Friday, July 23, 2010

The Ultimate Theory of Everything

Not our name.... Yet, this was the operating concept behind a body of theory of potential relevance to librarianship. It comes far afield from the realm of military strategy. Librarians have little to do with guns, bombs, and airplanes; probably the closest approach to this realm would be encounters with government agents attempting to enforce the Patriot Act against which the principles of our profession tend to align us in opposition. However, librarianship now, as seen in our discussion of the future, has everything to do with issues of survival. For this reason and out of a posture of free inquiry, it behooves us to look at whatever may be useful to the profession.

To understand the theory, it is important to understand the creator. This person was John R. Boyd, an Air Force officer who is virtually unknown. He began his career as a self-proclaimed "Top Gun" style fighter pilot after the Korean War who had a standing bet that any opponent starting out on the tail (dominant) position on his aircraft would have his role reversed within 40 seconds. He never lost. After completing the definitive tactical manual for air combat, he moved on to make major contributions to the design of the F-15 and F-16 fighter planes which have played a dominant role in national defense for the last decades. His ideas continued to evolve beyond aerial warfare to grapple with the very foundations of military theory. Along the way, his naturally abrasive personality grew positively eccentric. Already disliked by the Air Force for interfering with their airplane designs (though they embraced his results), Boyd took to roaming the Pentagon in a tattered bathrobe and slippers. For almost no reason at all, he was capable of collaring four star generals and shouting criticisms in their face in a shower of spittle. His profane fighter pilot's language would make secretaries weep, and his own supporters speculated that he "did not have both oars in the water." Yet out of his ruminations grew a body of theory of conflict in any form, and some hints suggest that his ideas were fundamental to the fabulous success of the U.S. military in its two Gulf Wars (in military terms anyway). At Boyd's funeral in 1997, the Air Force from whom he was almost completely estranged contributed 11 minutes to his eulogy. Nevertheless, the work of this shadowy figure on survival deserves the attention of librarians facing an uncertain future in a competitive environment.
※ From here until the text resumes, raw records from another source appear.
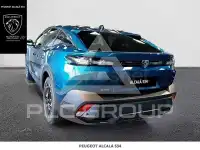 2026 Peugeot 408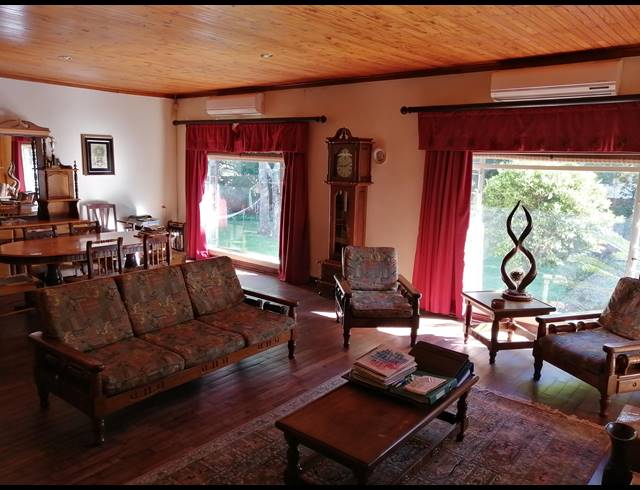 5 BEDROOM HOUSE TO LET IN PROTEA PARK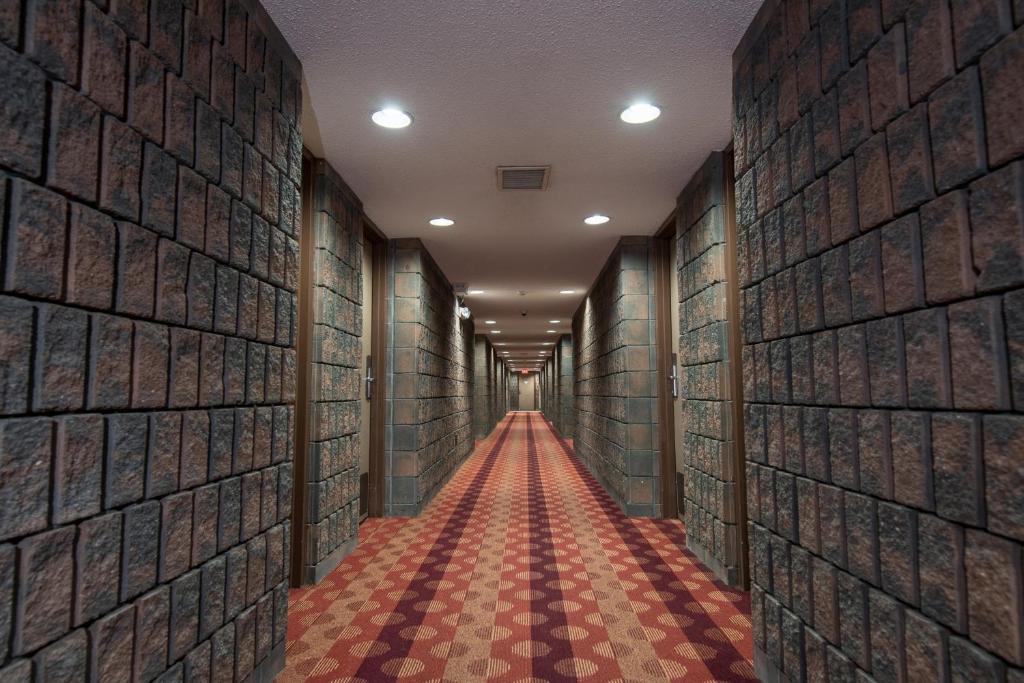 Argyll Plaza Hotel photo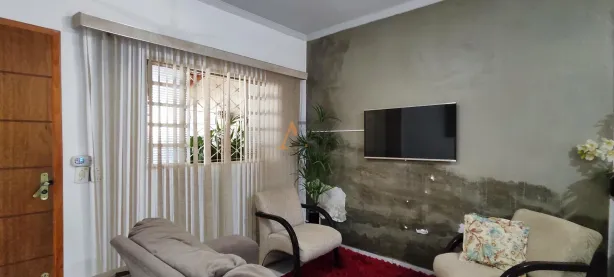 Casa com 3 Quartos à venda, 130m² no Parque das Aroeiras II, São José do Rio Preto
There is no definitive written record of Boyd's ideas. They were delivered in idiosyncratic and near incomprehensible slide presentations lasting up to 13 hours. Only smaller, suggestive documents and secondary sources remain. The basis of his theory was three scientific concepts: 1) Goedel's Incompleteness Theorem 2) Heisenberg's Uncertainty Principle and 3) Entropy and the Second Law of Thermodynamics. From these he reasoned that any organization exists in an infinitely complex and dynamic universe. Thus, no organization can encompass within itself all the tools necessary to deal with the challenges it will encounter. To survive, the organization must continually adapt to its environment through a procedure which became formalized as the Observation, Orientation, Decision, Action Loop (OODA). In terms of the airplanes which were Boyd's original subject, the observation step involved perceiving a threat. The orientation step called for formulating a list of options for response--attack or flee, in which direction, and how. The decision step required choosing an option, and the final step was to execute it. With this formalism, the criteria for success was found to correlate almost exclusively with the SPEED with which the organization cycled through this process. In the airplane example, success did not depend on the speed, turning radius, range or any physical quality of the airplane nor the level of training, eyesight or particular attribute of the pilot, as one might suppose, but on the speed at which the system of pilot and airplane could run the decision cycle. The power of this theory lay in its broad application to any sufficiently defined organization whether it was the entire Marine Corps which formulated a new doctrine of maneuver based on this system, the entire military forces of the United States, or companies in the business world or sports teams all of which have found notable success with these ideas. The rhetoric surrounding the theory is more pervasive than one might realize. When former Secretary of State Colin Powell called for "getting inside the decision cycle" of terrorists following 9/11, he was virtually quoting Boyd's ideas.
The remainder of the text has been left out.